Supplied records:
BEGIN
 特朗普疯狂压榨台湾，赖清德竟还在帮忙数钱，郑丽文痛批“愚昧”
END
BEGIN
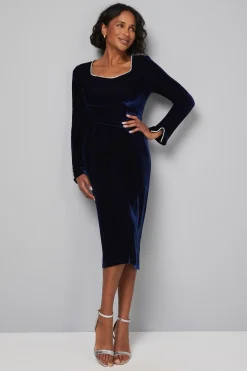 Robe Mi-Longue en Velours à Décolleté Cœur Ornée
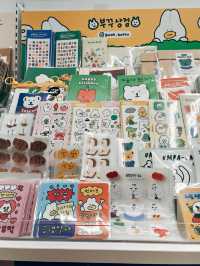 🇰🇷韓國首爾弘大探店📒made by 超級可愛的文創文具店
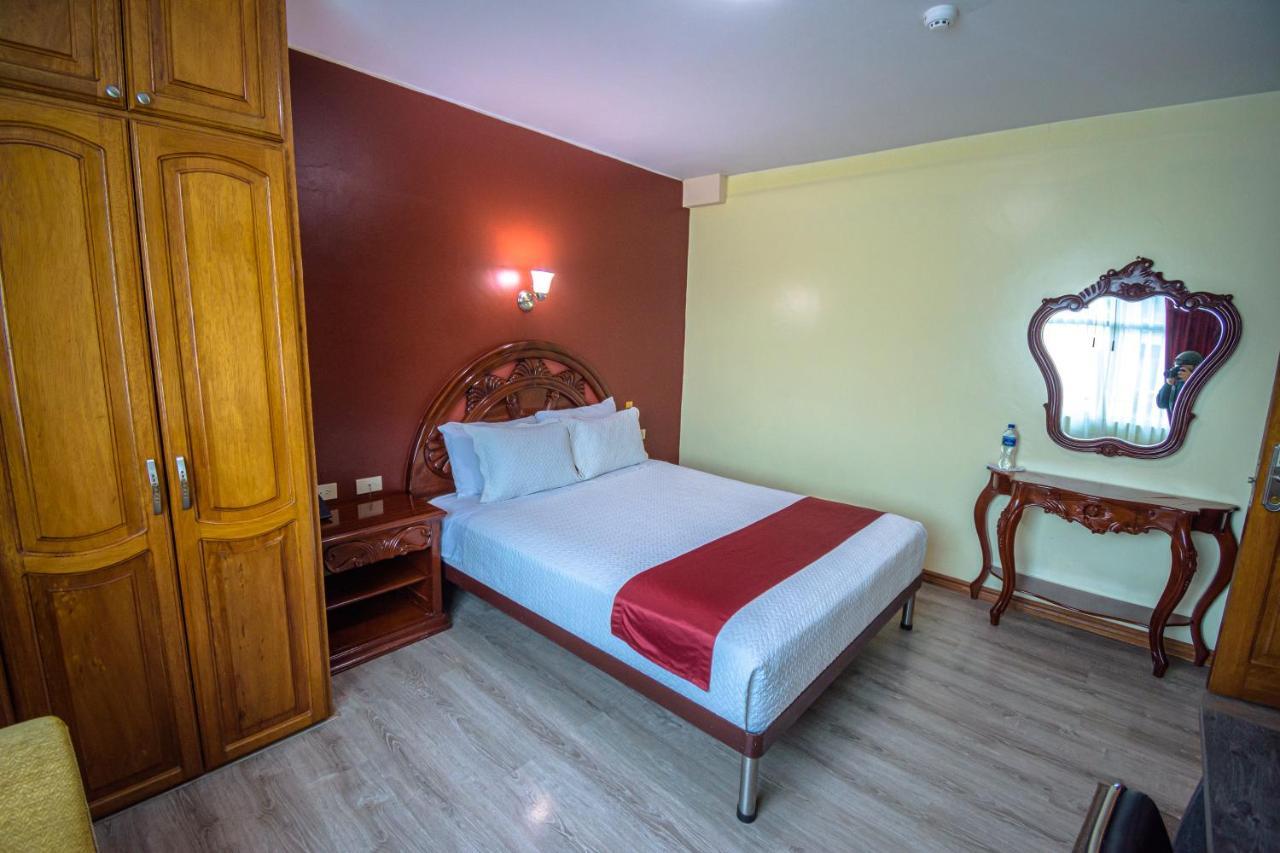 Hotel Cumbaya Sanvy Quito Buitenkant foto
END
Task prompt:
Repeat the lines above exactly, beginning with the one containing "Robe Mi-Longue en" and finishing with the one containing "Hotel Cumbaya Sanvy Quito Buitenkant foto". No pictures belong in the copy.

Task solution:
 Robe Mi-Longue en Velours à Décolleté Cœur Ornée
 🇰🇷韓國首爾弘大探店📒made by 超級可愛的文創文具店
 Hotel Cumbaya Sanvy Quito Buitenkant foto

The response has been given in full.